Whilst becoming a bank is a regulatory quagmire, the big four have realised that they can no longer rely on the hurdles of cost and compliance to protect them from the competition.As challenger banks rise out of industries better known for their customer centric, and innovative approach, banks need to develop the systems and processes to deliver change. Yet, with highly complex back-end legacy systems in desperate need of modernisation, a rapidly evolving market and a very demanding consumer, innovation is no easy task.

Innovation: a double-edged sword

David Layton

David Layton

As competition for customers reaches new heights, retail banking needs to embrace continuous innovation as a cultural and organisational shift.Evidence of this shift is seen across the financial services industry, with investment into digital transformation and new services happening apace. The importance of this cultural shift towards continuous innovation even dictated the contents of Lloyds’annual statement to shareholders. Last year, Lloyds outlined its plans to launch a new Digital, Marketing and Customer Development function to focus on exactly this. However whilst funds and intent are one thing, the cultural, technological and methodological shift is entirely another.

The time spent on creating and delivering innovative new services depends on how financial organisations are able to balance speed, agility and quality. Banks need development lifecycles that are days long, rather than the usual weeks or months. However, achieving this kind of speed in innovation and testing depends on embracing new methodologies such as DevOps and the ability to spin up and tear down an environment in weeks. Whilst Agile development has helped speed things up considerably, one constraint is holding financial organisations back – data.

It is not unheard-of for banks taking months to provision a single full-sized masked data set. Within a software development lifecycle this is refreshed and reset numerous times.
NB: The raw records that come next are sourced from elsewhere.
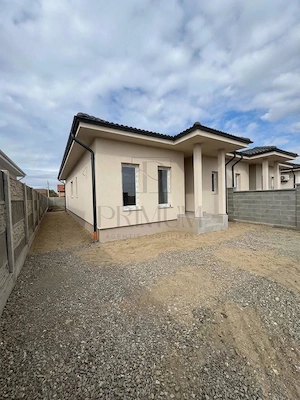 Duplex parter - 2 dormitoare - 2 bai - finalizat - imagine 2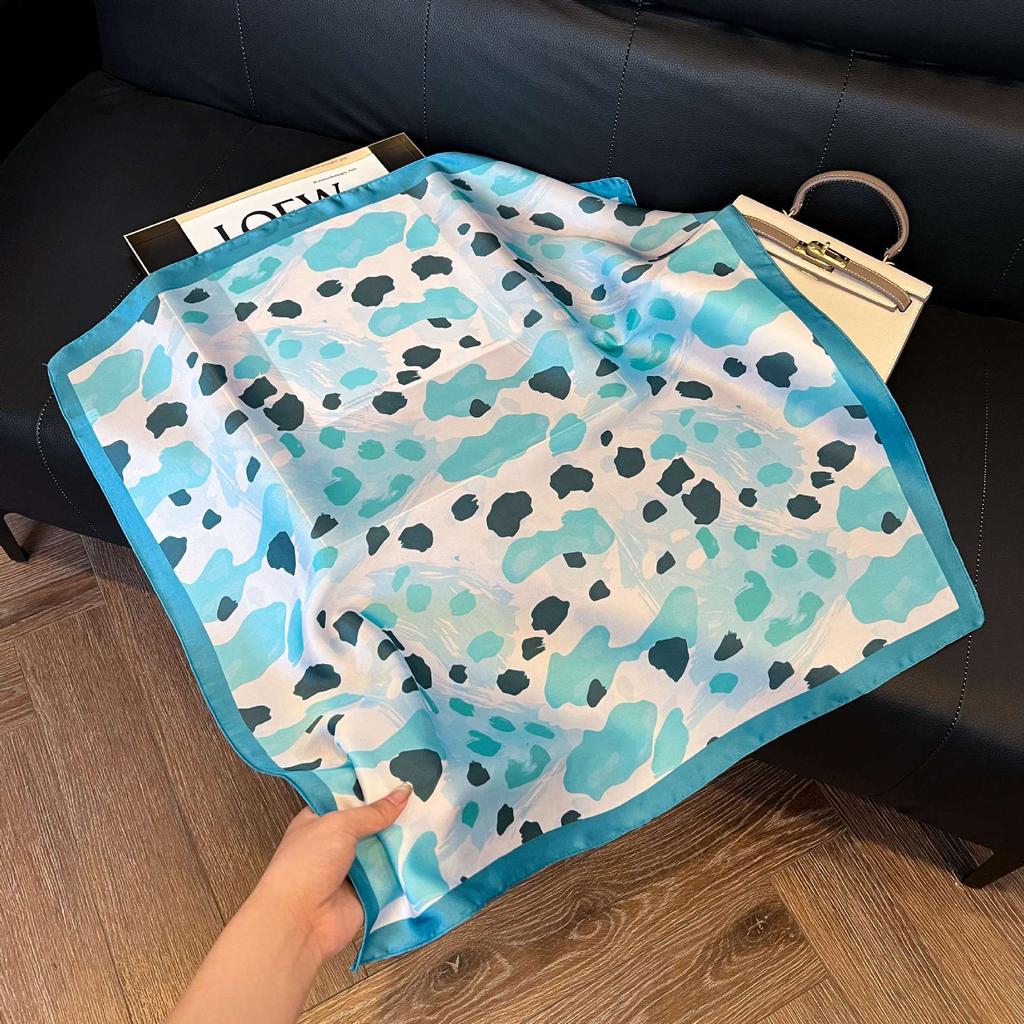 Simulated silk women's small square scarf, Korean cashew nut leopard print small silk scarf, headscarf, four-season scarf, professional scarf.
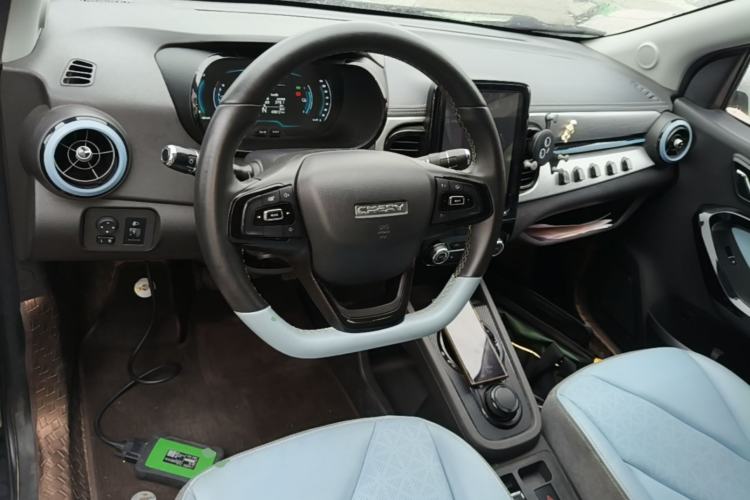 Used Chery QQ Little Ant 2022 Sweet Pink Edition Half-Sugar Version 3-Cell Lithium 30kW 408km Center Console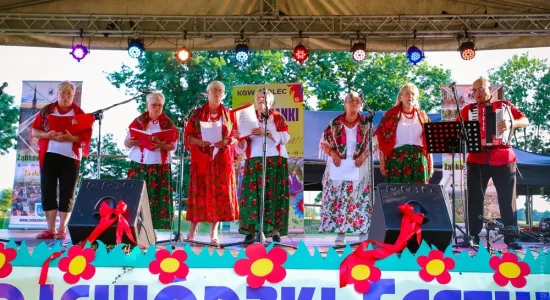 358478304 743418361117511 1697108366702951819 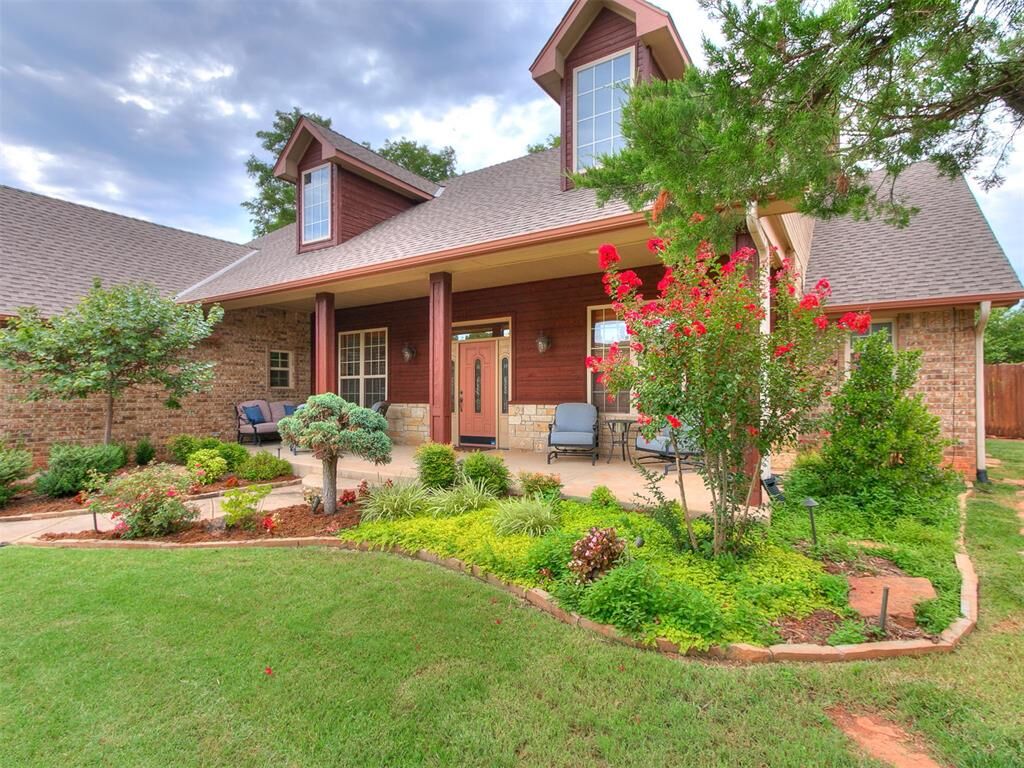 Property Photo: 2116 Bates Way OK 73071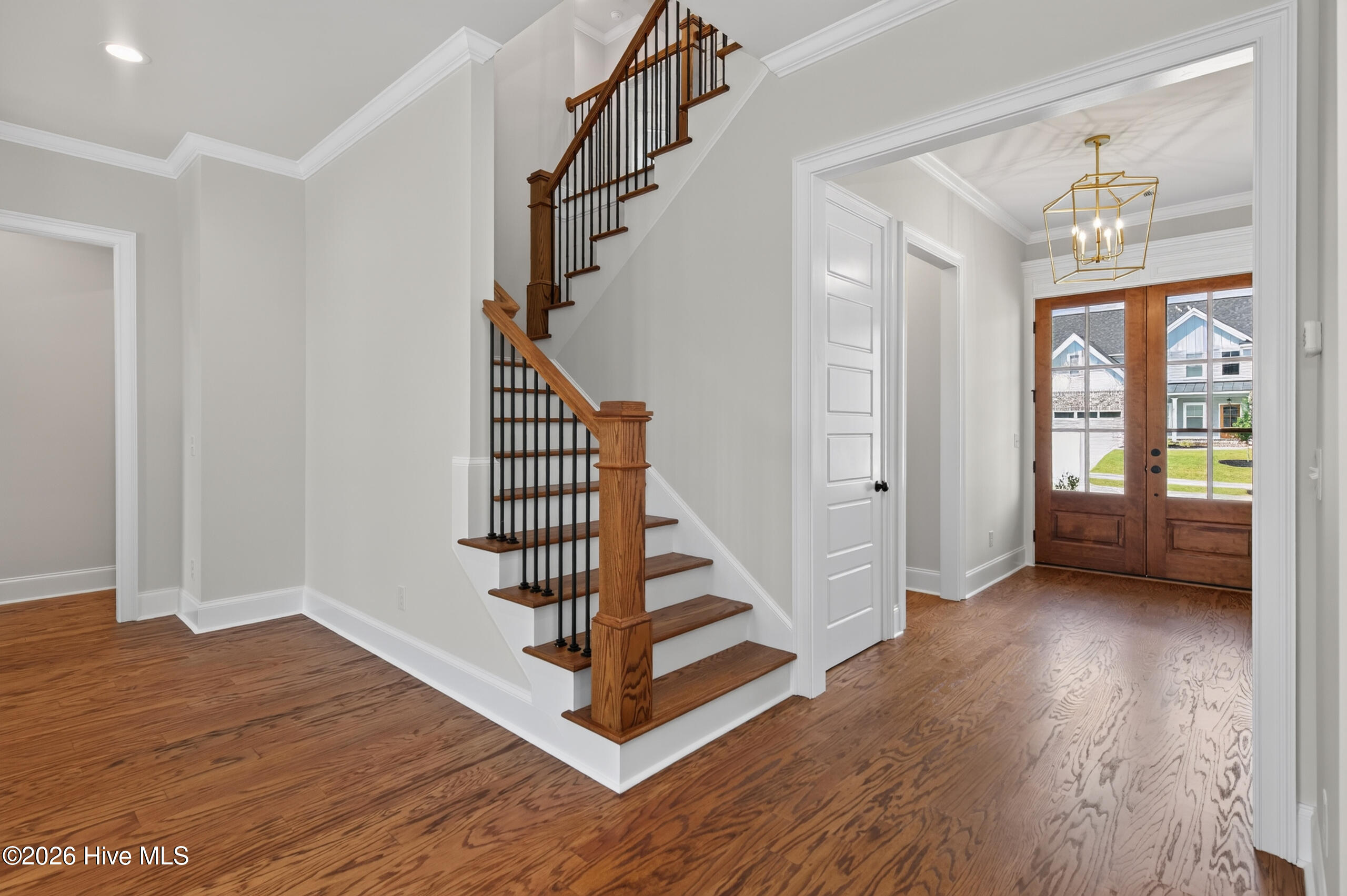 438 Woodlawn Street Property Photo 12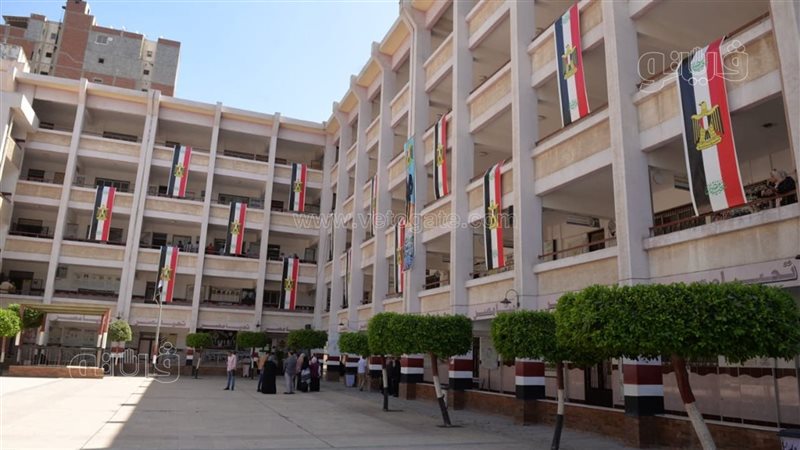 وفاة معلم داخل المدرسة،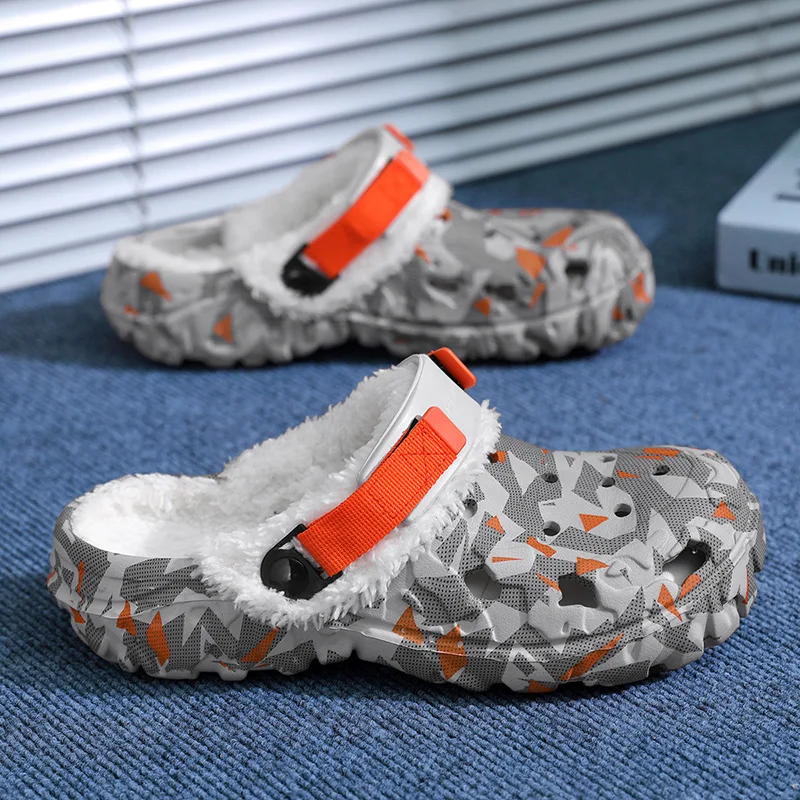 New Men Slippers Winter Light EVA Men's Clogs Fashion Hole Shoes Lovers Home Garden Shoes Outdoor Male Beach Flat Slide Big Size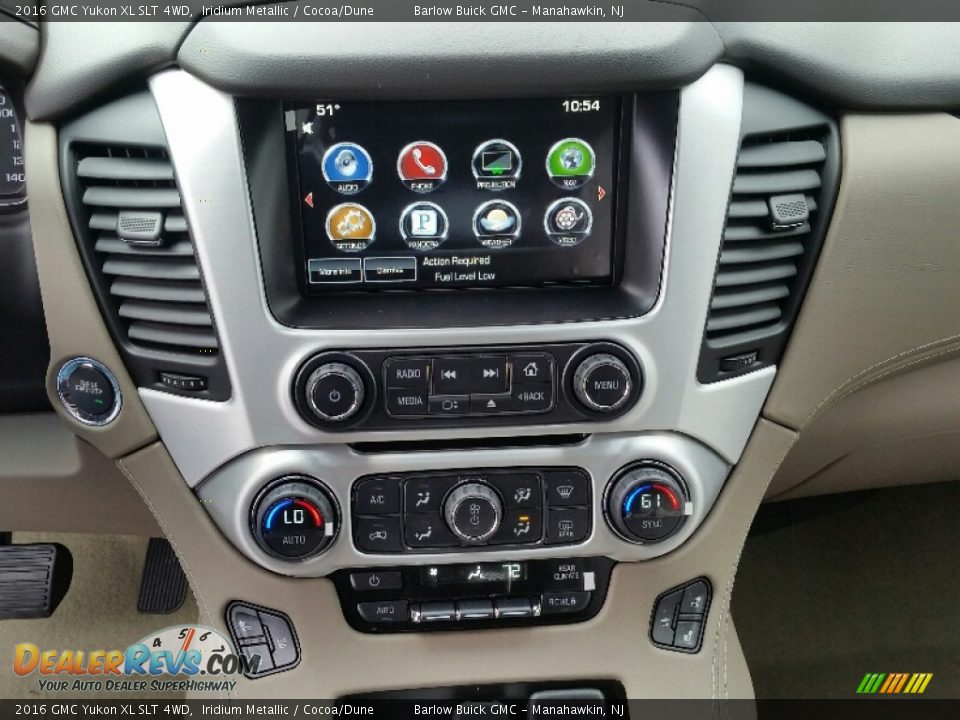 Controls of 2016 GMC Yukon XL SLT 4WD Photo #9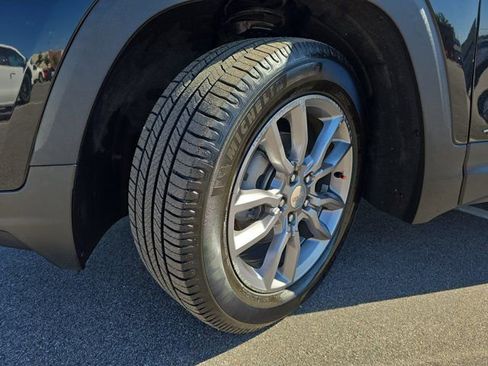 Used 2022 GMC Terrain SLT w/ Infotainment Package II image 32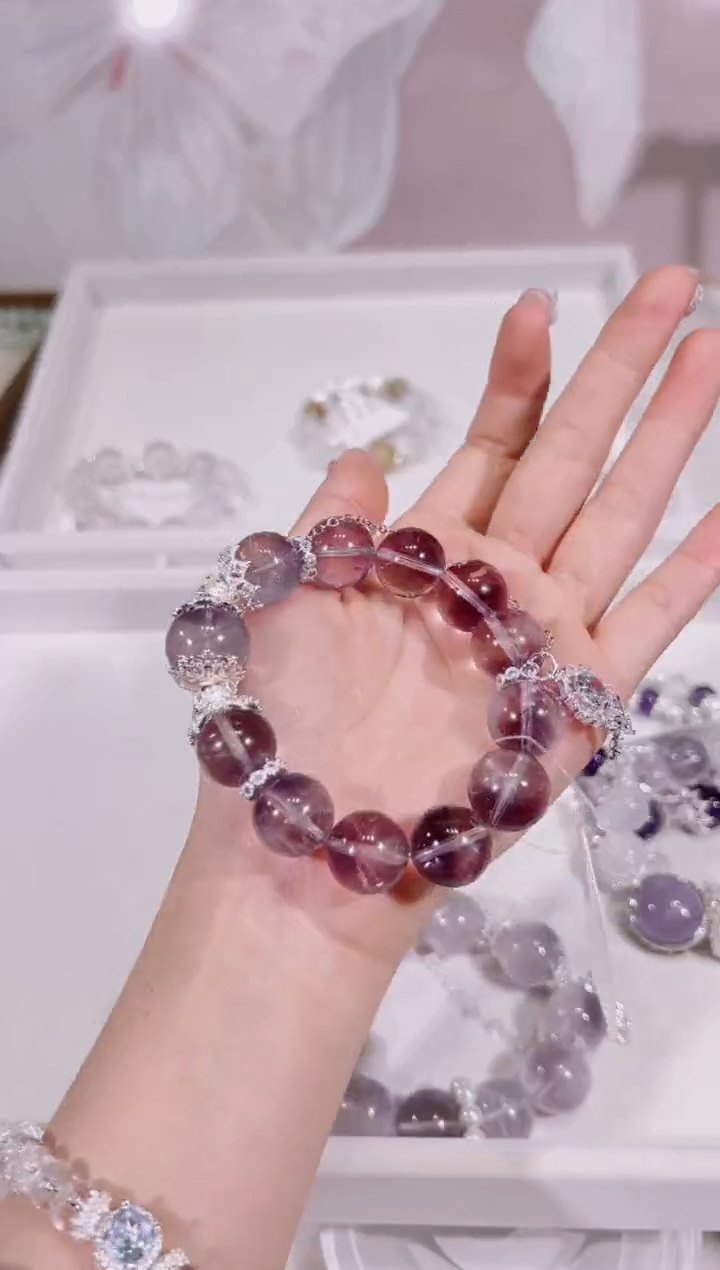 【闪购商品】水晶手链未镶嵌天然水晶默认微瑕 多样性发货发其一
Even if the bank reduces this down to one day – you can begin to see the problem.

As a customer’s relationship with banks becomes dominated by technical innovation, financial services organisations are leading the way in calling for a new approach to data management. The answer is Data as a Service (DaaS).This enables the delivery of data on demand at any moment in time, refreshed at will and provisioned in minutes to aid innovation.

Disrupt or be disrupted

Today’s businessesare constrained by the dependency on IT infrastructure to deliver data on time, complete and protected that can be used to test new applications before they are launched. Where as once it was acceptable to wait for weeks or even months, now the business needs data immediately to rigorously test new apps and cut development times to gain a first-mover advantage.

We’ve already seen banks are beginning to recognise how their software delivery models underpin this brave new world of customer experience strategy and the big four are committed to digital transformation and understanding the shift in mentality that this requires. Lloyds Banking Group’s adoption of the DevOps methodology is a great example of how banks are trying to break down the barriers and obstacles between developers, testers and operations to accelerate delivery and achieve the speed of movement demanded by a fast-paced industry.

With financial services becoming a consumer-choice minefield, only those traditional organisations embracing technologies like Data as a Service, which enable DevOps and continuous delivery, have a hope. The bar has been raised in recent years, and with competition for customers fiercer than ever, banks need to plan for the future or risk failure.